____ AVAILABLE DATA

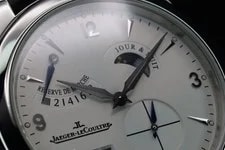Jaeger-LeCoultre Master Eight Days Q1608420 42MM Steel Silver Dial Warranty 4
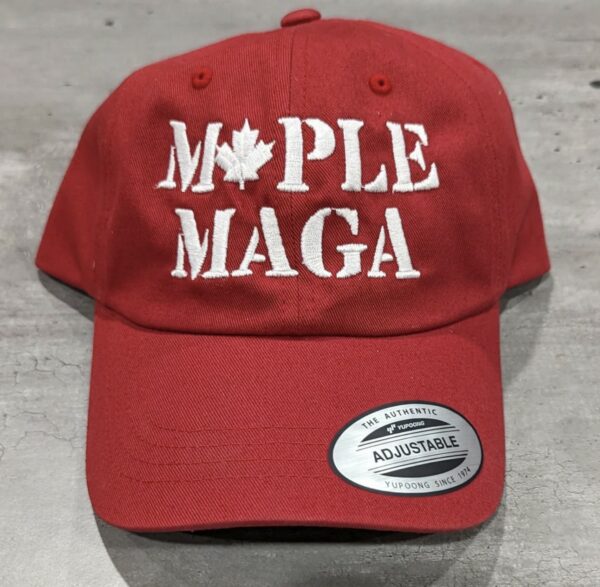 Maple MAGA Hats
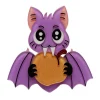 Fruit Bat Attack! Brooch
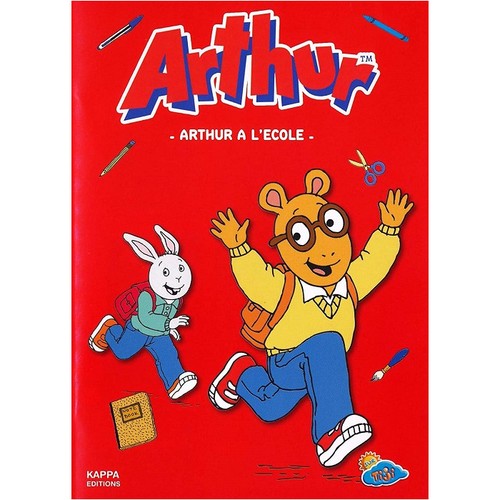 Arthur école dvd - à, l'école
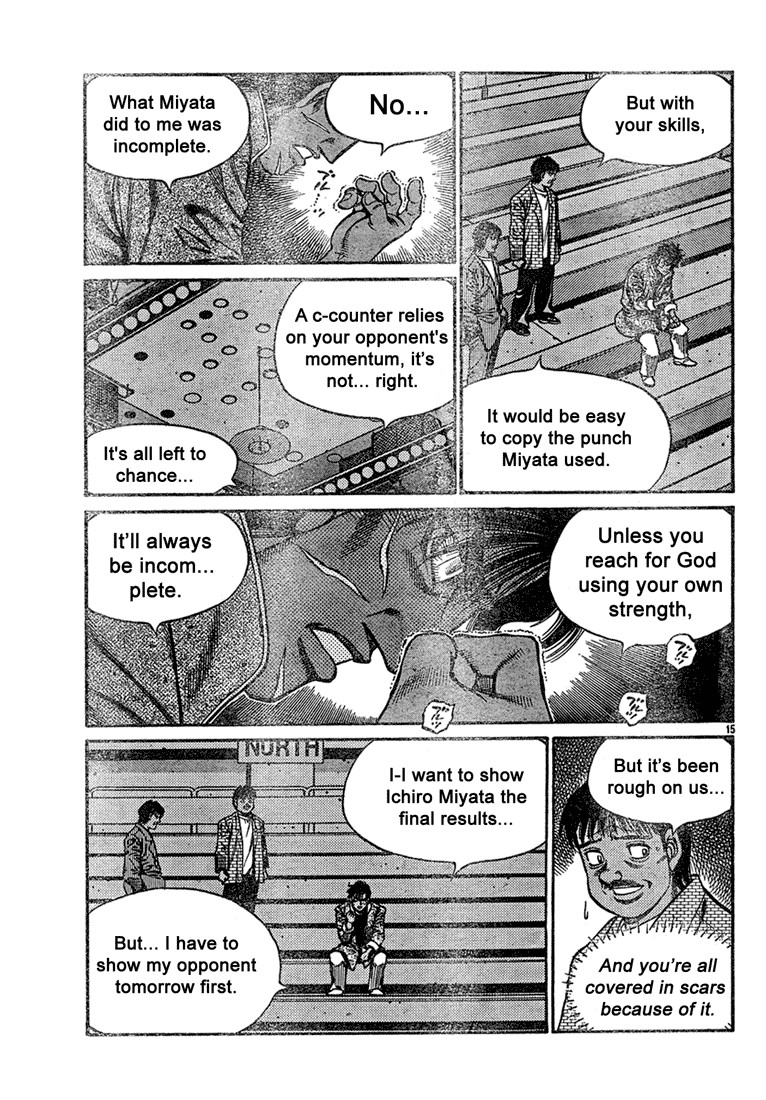 Hajime no Ippo Chapter 728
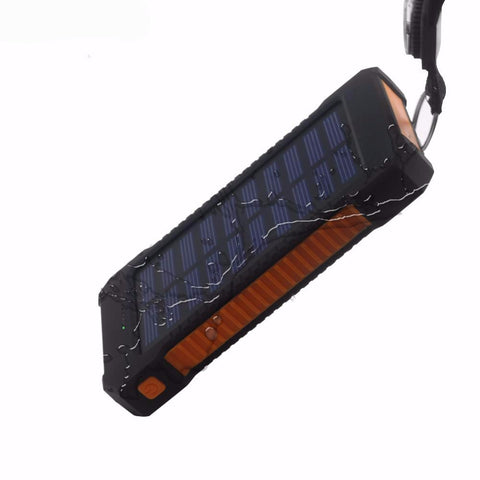 Waterproof Solar Power Bank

________

YOUR GOAL: Here the lines from the one with "Arthur école dvd - à, l'école" through the last line of the data above need to be repeated exactly, both included, and any picture omitted.

TASK SOLUTION:
 Arthur école dvd - à, l'école
 Hajime no Ippo Chapter 728
 Waterproof Solar Power Bank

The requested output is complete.